Domain hijacking: Could your business be at risk?

Domain hijacking, is your business at risk?

Microsoft and Google are examples of just two big brands that have had their domains hijacked, proving that even those with the most prolific security systems aren’t necessarily immune. So do all managing directors, business owners, and CEOs need to be concerned about the safety of their online business?

Here, Daniel Foster, technical director at domain name registrar and hosting company, discusses what a domain hijack could mean for your business.

How your domain could get hijacked

For your domain to get hijacked, hackers need to get into your registrar account. In a nutshell, domains work like this: the domain name, e.g., is registered, and then the owner has a control panel where they have full control of the domain. From the control panel, the domain name is pointed to the web servers where the website’s data is hosted (like web pages and scripts, for example).

For it to be hijacked, a hacker needs to get hold of the domain registrar name, and the administrative email address associated with it. It’s not difficult to find this information, anyone can find it through the WHOIS data of the domain.
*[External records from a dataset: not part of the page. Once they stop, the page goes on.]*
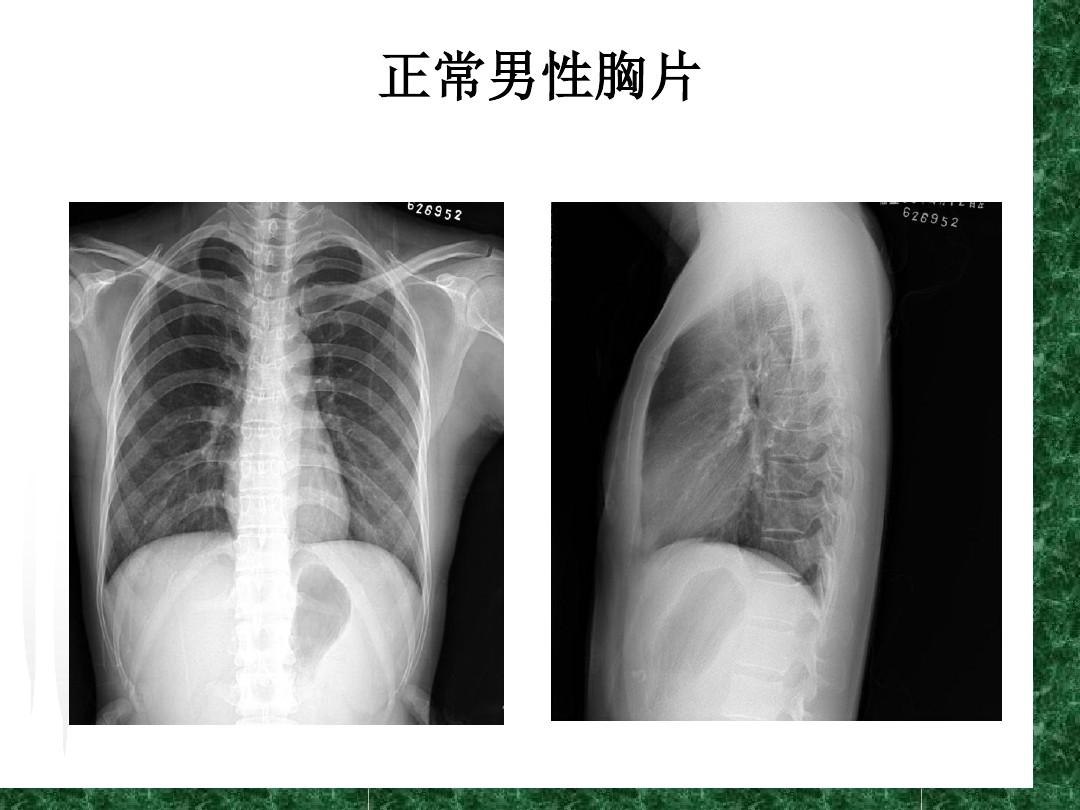 肺部断层影像解剖及肺部基本感染的影像学表现(二)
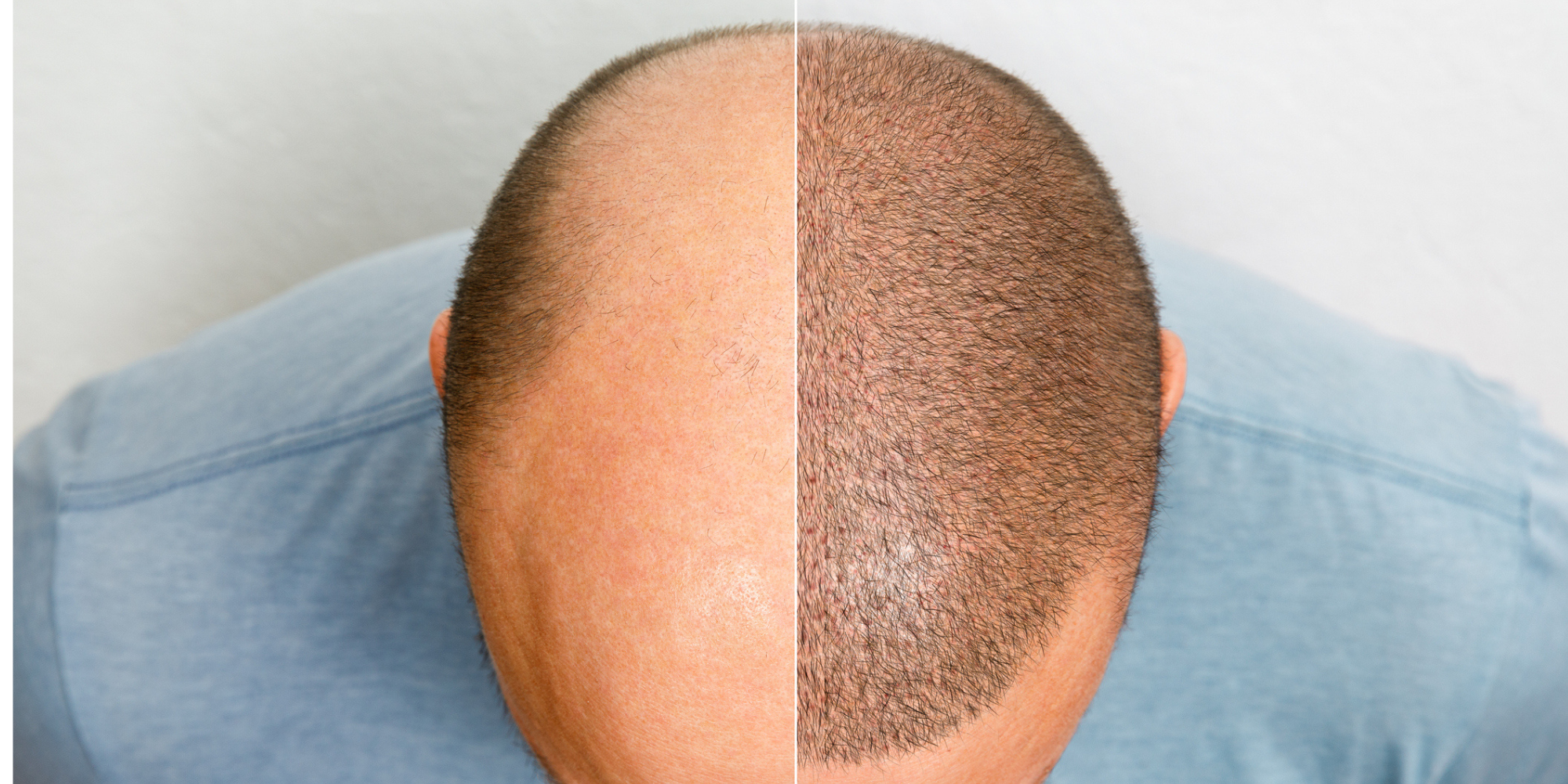 پیوند مو در ترکیه: تجربه‌ای شخصی و عمیق از کاشت مو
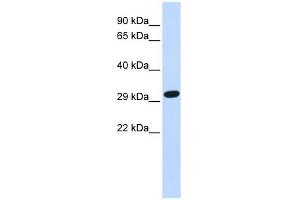 SDCBP antibody used at 1 ug/ml to detect target protein. (SDCBP Antikörper)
After they hack your email, the logins for your domain can be reset and they can take control of it. Next, the domain can be pointed to different web servers, meaning traffic goes elsewhere instead of to your website.

Whether it’s a competitor wanting to harm your company, someone holding a grudge, or even a hacker looking to bribe you, there are many reasons why you might get hijacked. Unfortunately it happens, so you need to guard against it.

What this can do to your business

In a matter of minutes you can lose the most crucial part of your online business. If your domain is stolen you lose your website, potentially your reputation, and overall revenue of your online business will dwindle.

If someone is redirecting traffic away from your website, whether it’s to an identical site they have set up so customers won’t even notice they’re giving money or inputting their personal data to someone else, or if it’s creating offensive material that will tarnish your reputation in seconds – your entire online business could be shattered.

What if this happens to you?

There are a couple of organisations in the domain name world that you should be familiar with, not just in case you fall into trouble with hackers, but for a multitude of reasons.

The whole domain name system (DNS) was designed in the first place to make the internet accessible to human beings (so websites have domains like, not a sequence of numbers difficult to remember). This means that IP addresses (that mean we can use the Word Wide Web to send information to each other) can be changed and the entire internet will see the change within 24 hours. So it’s important that you are aware of the organisations that can help you with this if you ever need it.

ICANN (internet corporation for assigned names and number) is one of the most important. The not-for-profit corporation is dedicated to keeping the internet secure; and they have put processes in place for registrars to help them deal with issues like hijackings.

First port of call: your registrar

However, before contacting any of the above organisations, you should always speak to your registrar first if you believe your domain has been hijacked. In some cases it might be down to an issue within your system, or generally something that can be fixed by your registrar. As the company that you bought the domain from, your registrar can start ICANN procedures if needs be, and then open up communication channels with the person that has your domain.

For both Google and Microsoft, the hijacking of domains weren’t down to comprehensive hackings per-say; but a result of the company not looking after their domain properly. For Google, a former employee purchased the domain name through the company’s own ‘Google Domains’ service in September – for just $12 (£7.80). Google cancelled the sale minutes after it had gone through – but it still went through.

In 2003, Microsoft’s slip up wasn’t dissimilar. The business simply forgot to renew its domain, and so the domain was snapped up by someone else. Luckily the new owner informed the giant of its slip up and gave the domain back. But all businesses won’t be this fortunate. So keep on top of renewals. And if you are making any changes to your domain or hosting, double and triple check that you’re not opening it up to being picked up by someone else.

Depending on the severity of the situation, however, your registrar could point you in the direction of a lawyer.

When it’s time to get a lawyer

The last thing you want to hear is that you will need a lawyer to fix it, but in severe cases, it really is better to have an expert fighting your corner. Going through the legal maze can be tricky and costly without a lawyer making your case. You can find attorneys that are experts in this field, and we’d suggest doing so if your registrar can’t fix the problem.

With a new story appearing on a weekly basis about cyber crime and hackings, it’s not surprising that businesses feel concerned about their website and domain’s safety. Business leaders should feel assured, however, that there are laws in place that can return their domain if it’s ever hijacked. But don’t be lazy in your attempts to protect it. Your domain could be everything to your business.